» Assignment
The required result is an exact copy of every line from the one with "Man holding a" through the last line below, with the pictures left out.
START Recorded data
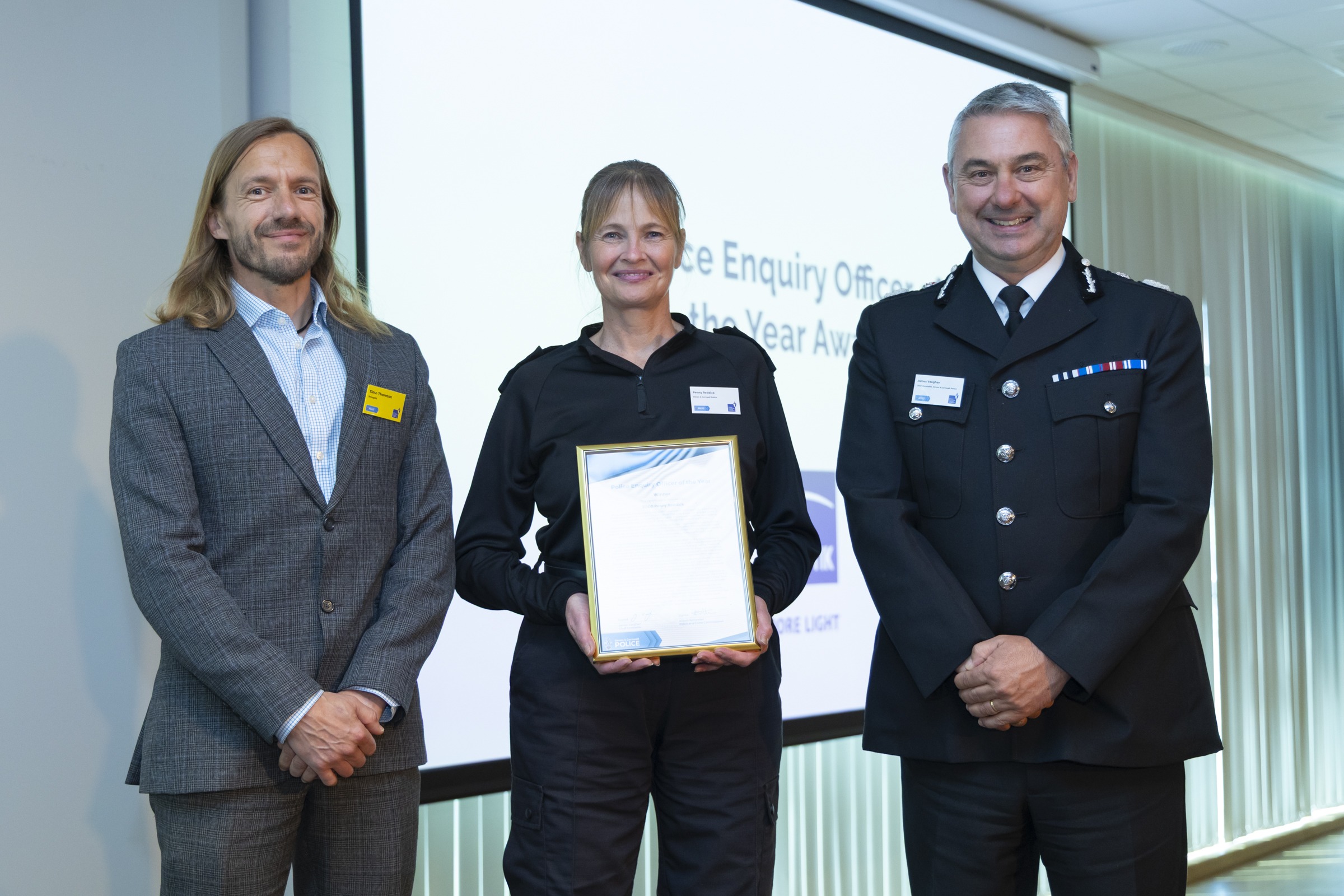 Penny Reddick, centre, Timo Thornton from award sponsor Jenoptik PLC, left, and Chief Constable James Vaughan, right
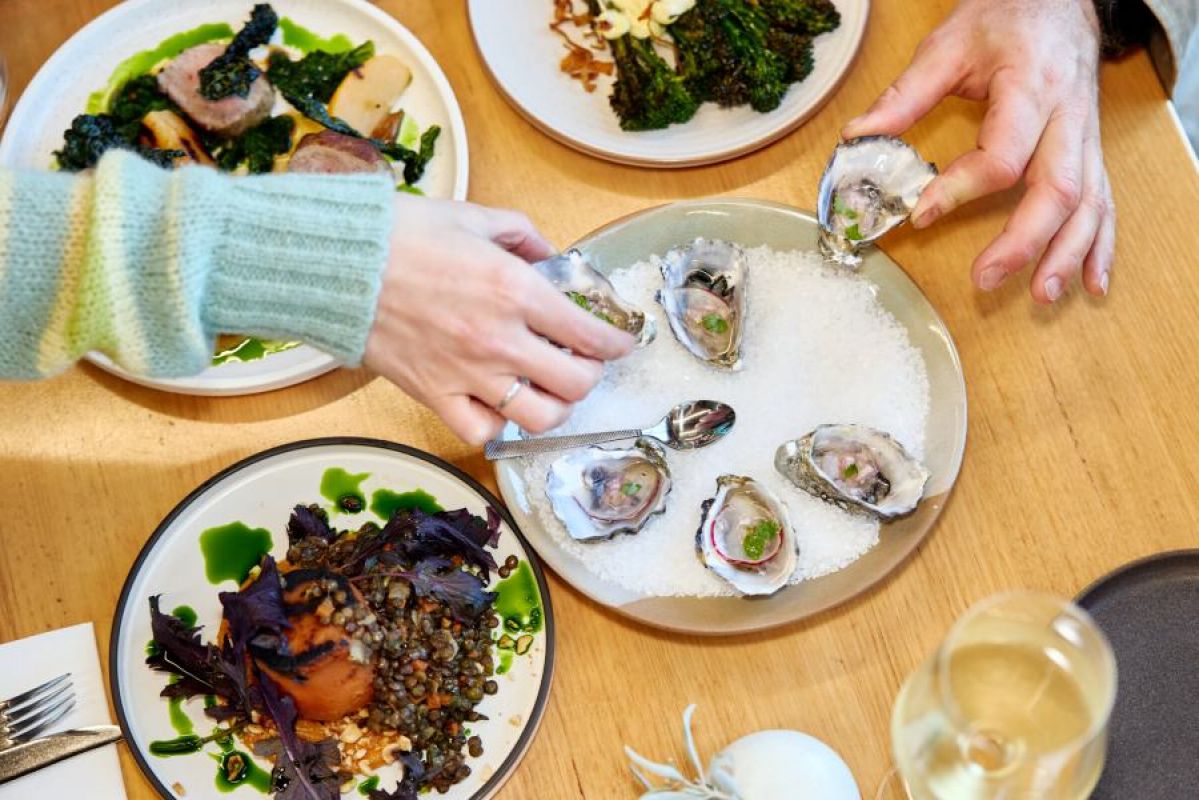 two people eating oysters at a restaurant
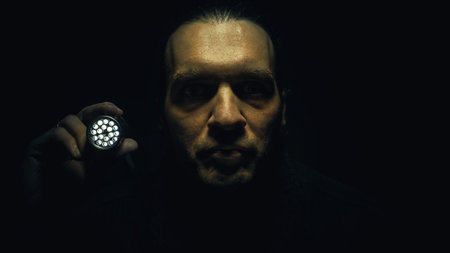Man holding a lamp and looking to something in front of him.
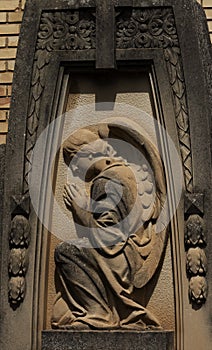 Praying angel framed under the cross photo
END Recorded data
» Exercise answer
Man holding a lamp and looking to something in front of him.
 Praying angel framed under the cross photo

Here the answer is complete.